Dubai: Middle East CEOs showed high optimism about business and economic growth over the next 12 months, most of the local experts in a recent survey conducted in the UAE expressed the same confidence predicting a positive economic growth across different business sectors.
According to PwC’s 2013 Middle East CEO Survey titled “Matching confidence with competitiveness”, 53 per cent of CEOs in the region are confident about prospects for business and economic growth in the next 12 months.
The report shows that Middle Eastern CEOs are more confident about growth than their global counterparts with confidence at 36 per cent.
With focus on the domestic markets, which presented a more open and competitive environment now than in the past, 44 per cent of the CEOs in the Middle East see domestic market growth as a primary driver for the economy in 2013.
However, 25 per cent of these CEOs believe that this growth will be stimulated by new operations in foreign markets and 13 per form new mergers and acquisitions.
In line with the expected economic growth, 75 per cent of the CEOs said that a boost in the workforce in the coming years will be an ultimate result for this growth, while only six per cent anticipated job reduction.
Highlighting the risk in the face of economic growth, disruption arising from social unrest was the main concern of the CEOs in the Middle East, adding to this, over-regulation (75 per cent) and shortage of skilled workforce (69 per cent), the report said.
Citing an example form the region matching the facts mentioned in the PwC survey, a recent study developed by the Department of Economic Development in Dubai (DED) revealed that businesses in Dubai are confident of growth trends continuing along the year while optimism runs across the whole economy.
More than 55 per cent of the companies in Dubai said they will invest in capacity expansion during the next 12 months.

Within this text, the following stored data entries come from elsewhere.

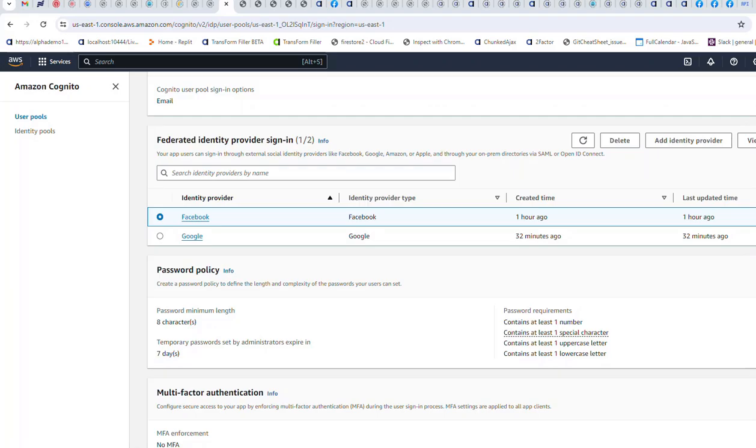In this video we'll show how you can set up Facebook and Google as identity providers for use within Amazon Cognito. You can see I already have Facebook and Google configured, so I'm going to go ahead and delete them to show the setup from scratch.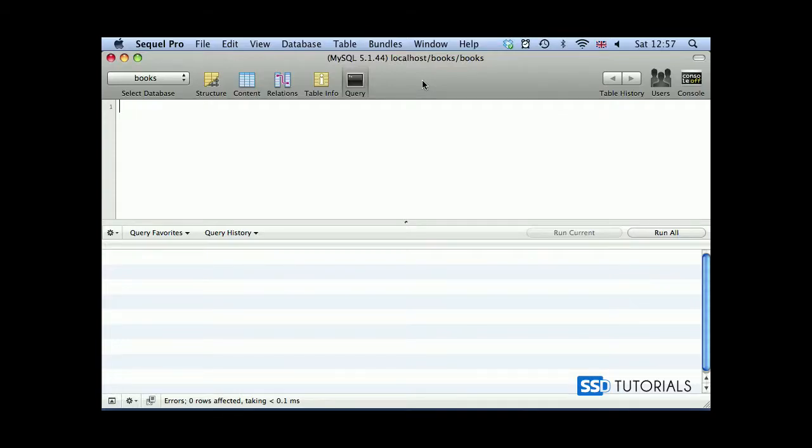Today we're going to have a look at three string functions inside of MySQL. First one is concat, second one will be concat_ws, and the last one will be insert.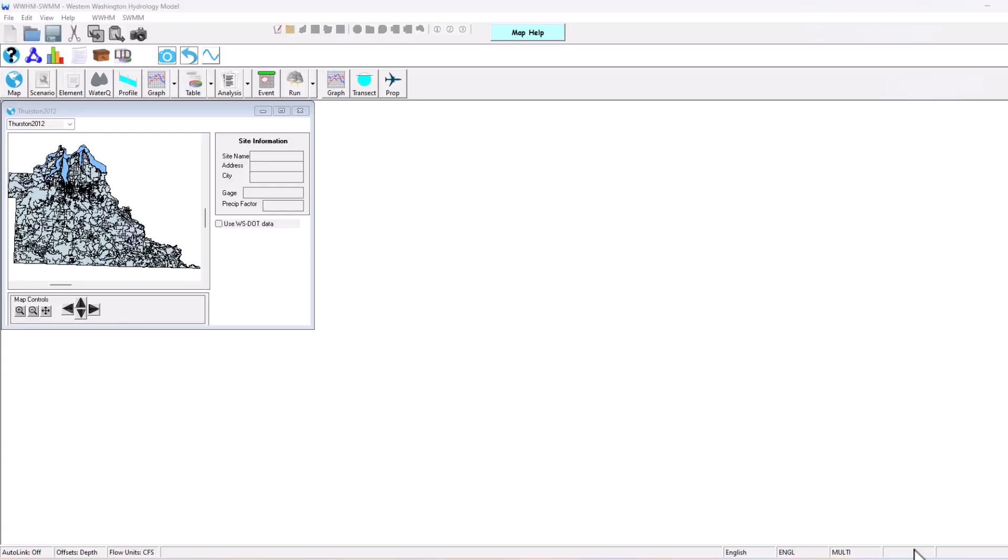Hello Stormwater Designers, welcome back to Clear Creek Solutions instructional videos. Today we're going to be going over how to model a detention pond in WimSwim. The process is very similar to how it's done in any other Clear Creek Solutions software package such as WWHM, San Diego Hydrology Model, BAM, etc.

“Among Dubai Chamber’s membership we have seen positive sentiment increasing over recent months. This has been driven by a number of factors, including a rise in our members’ exports and re-exports, which have grown 13.3 per cent in the first quarter of 2013 compared to the first quarter of 2012,” said Hamad Bu Amim, Director General, Dubai Chamber of Commerce and Industry (DCCI), commenting on the same.

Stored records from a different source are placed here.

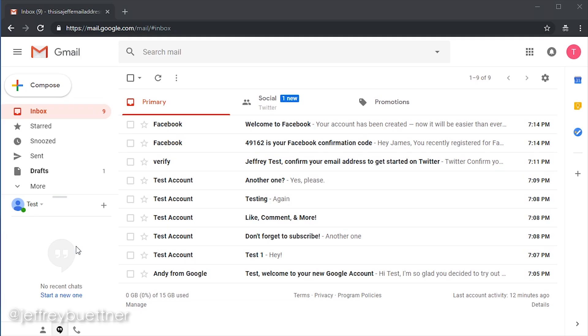So inbox zero, when it comes to Gmail, there's a few things you can do consistently. We're going to go over all four of them.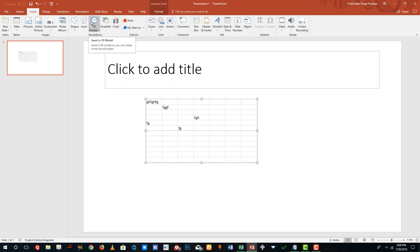That's how you can insert an Excel table inside of Microsoft PowerPoint. Hope you guys learned something, and as always, please like, comment, share, and subscribe.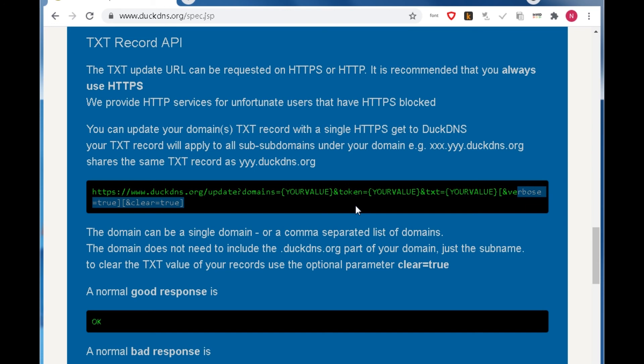When the URL is ready, just browse it in any browser. If everything is fine, you will get an OK response.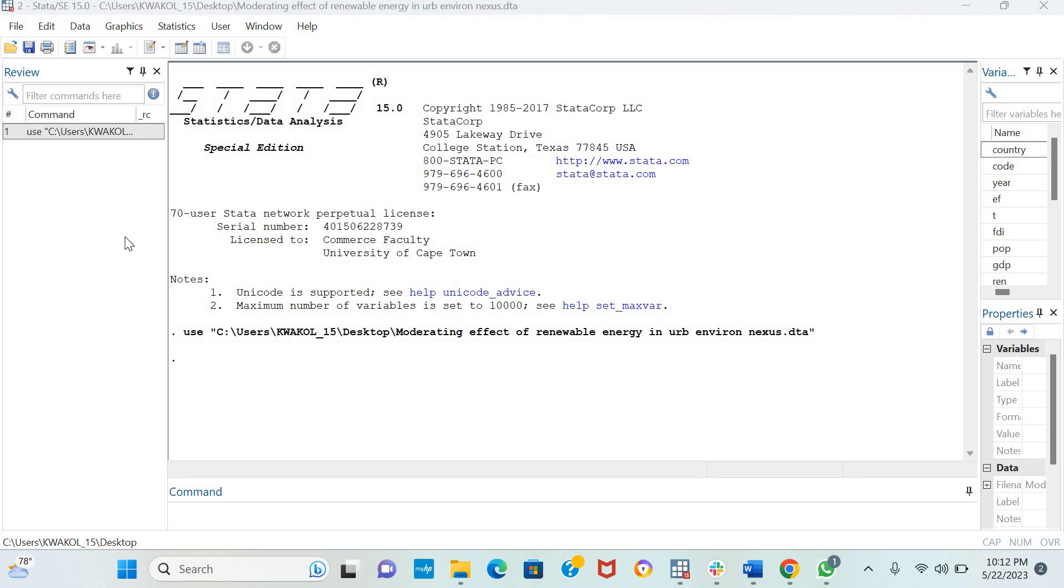Hello and welcome. Today we will be estimating a fixed-effects model with Driscoll and Cray 1998 standard errors.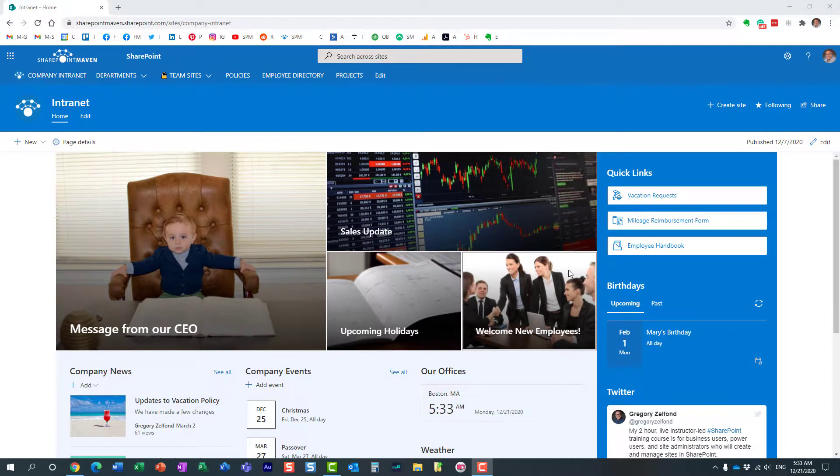Hello, this is Greg from SharePoint Maven, and in today's video, I would like to show you how you can customize the footer on the communication site.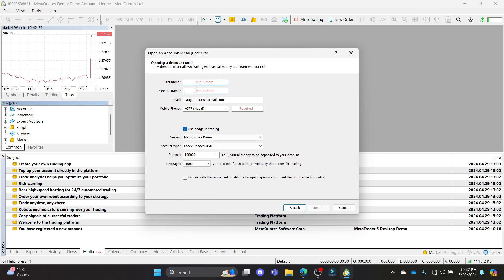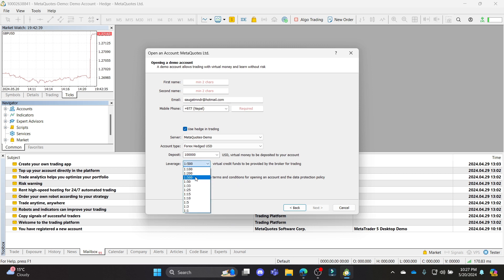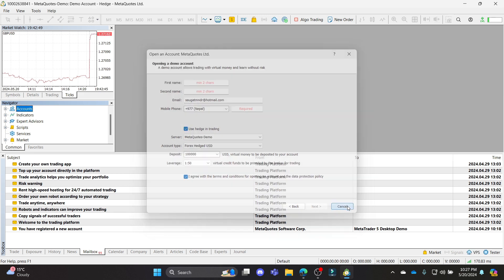After entering your first name, your second name, your email address, and your phone number, go ahead and set these up. Click 'I agree with the terms and conditions' and you can select or change your leverage quite easily. After you're done, go ahead and click next and then you can create a demo account and your leverage will be changed.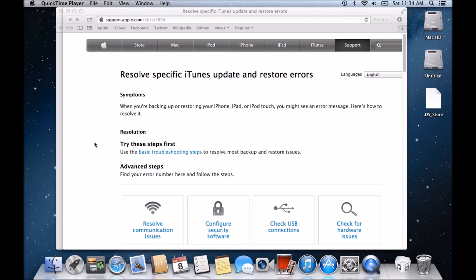Hi guys and welcome to 123MyIT's video on how to resolve specific iTunes update and restore errors. The reason why I'm doing this video is I've had loads of people ask me about restore errors and when I try to do a video on the restore errors, some people still say they're still having a load of problems. So I'm going to try and go through this.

He added that this follows strong results last year when DCCI members’ exports and re-exports rose by nine per cent to Dh268 billion. “At the same time, Dubai’s position as a stable and secure base in the Middle East and strong government support are having a positive impact on investor confidence.”

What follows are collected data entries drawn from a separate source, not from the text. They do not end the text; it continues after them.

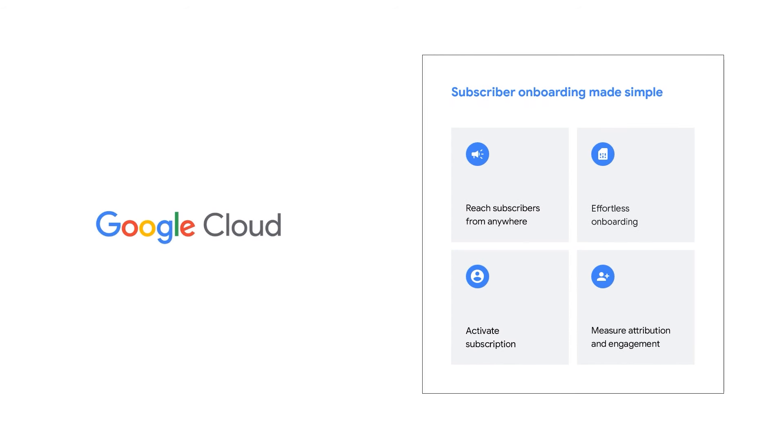In this demonstration, we'll focus on two core use cases. First, simplifying the subscriber onboarding experience and to create new upsell opportunities.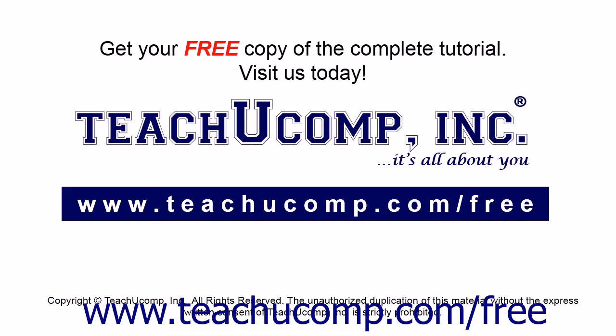Get your free copy of the complete tutorial at www.teachucomp.com forward slash free.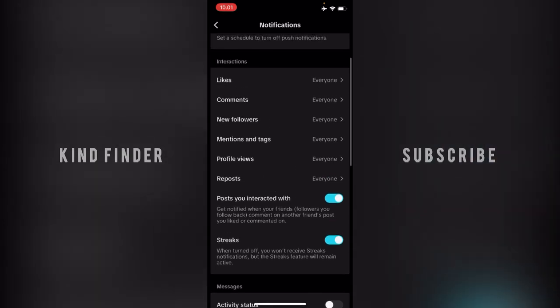Now, because I've turned this on, I want to turn this off like this. So when I turn this off, I will no longer get notified when my friends comment on another friend's post that I liked or commented on.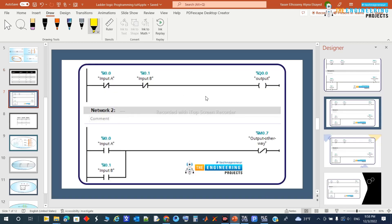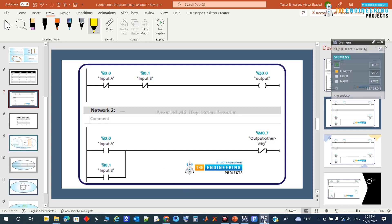Here is the NOR gate implementation in two ways. The first way is: instead of having two parallel branches like an OR gate, we have the inputs in series with negation. If you want to implement an OR gate, you can implement two parallel branches and then negate the output. Let's implement this in the simulator.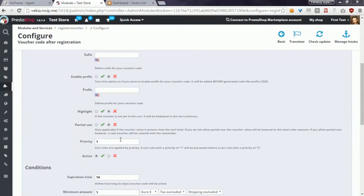Another option, priority, allows you to define the priority value for this Vulture code. Vulture codes are applied to cart by priority. This means that a cart rule with priority 1 will be processed before a cart rule with priority 2 or higher.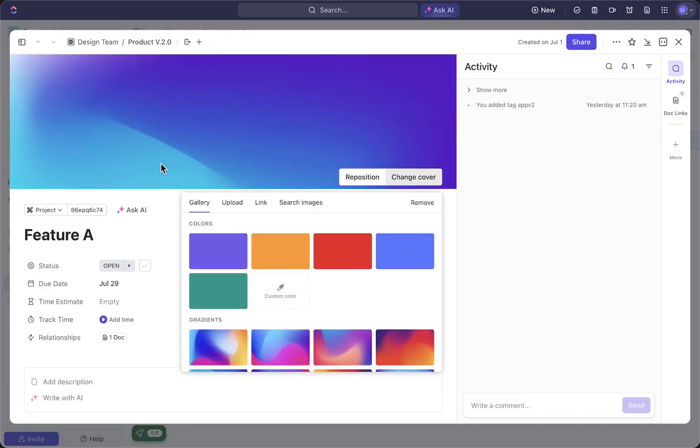Here ClickUp automatically adds an image to your task, but of course we can also change it.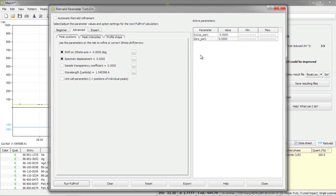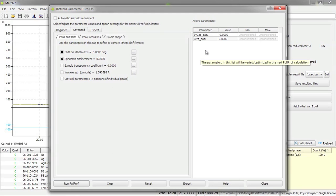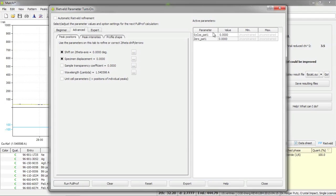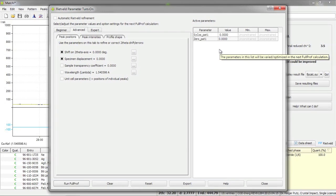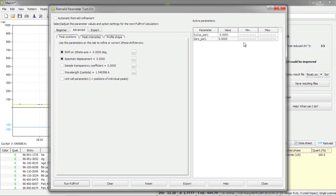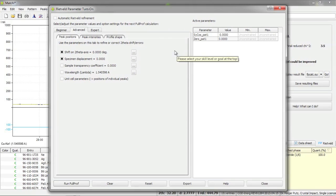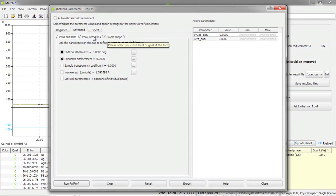Here on the right hand side you may have noticed that both parameters I have activated have been added to this list of active parameters. Here you can get an overview over all parameters that are currently marked for being refined in the next full prof calculation along with the current value and the constraints you may have entered. Let's return back to marking the parameters.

Bu Amim further said that the survey highlights the increase in Middle Eastern CEOs positioning their companies to take advantage of emerging market opportunities in Africa and Asia.
“This reflects Dubai Chamber’s strategy of opening branches in key markets around the world, including Baku in Azerbaijan and Addis Ababa in Ethiopia, which are both now fully operational,” he pointed out, adding that over the coming years Dubai Chambers will expand the number of offices to as many as 20 while also exploring possibilities in Saudi Arabia, India and China, among other countries.
UAE-based economist, Irfan Al Hassani, said that the Middle East has witnessed remarkable change over the last two decades especially in the economic sphere where the UAE and especially Dubai are now touted as one of the most important centres of business and finance regionally and globally.
“Local reports reveal that Dubai continues its rapid economic developments in various domains despite the vagueness glooming the global economy aftermath in 2008 up today,” he said.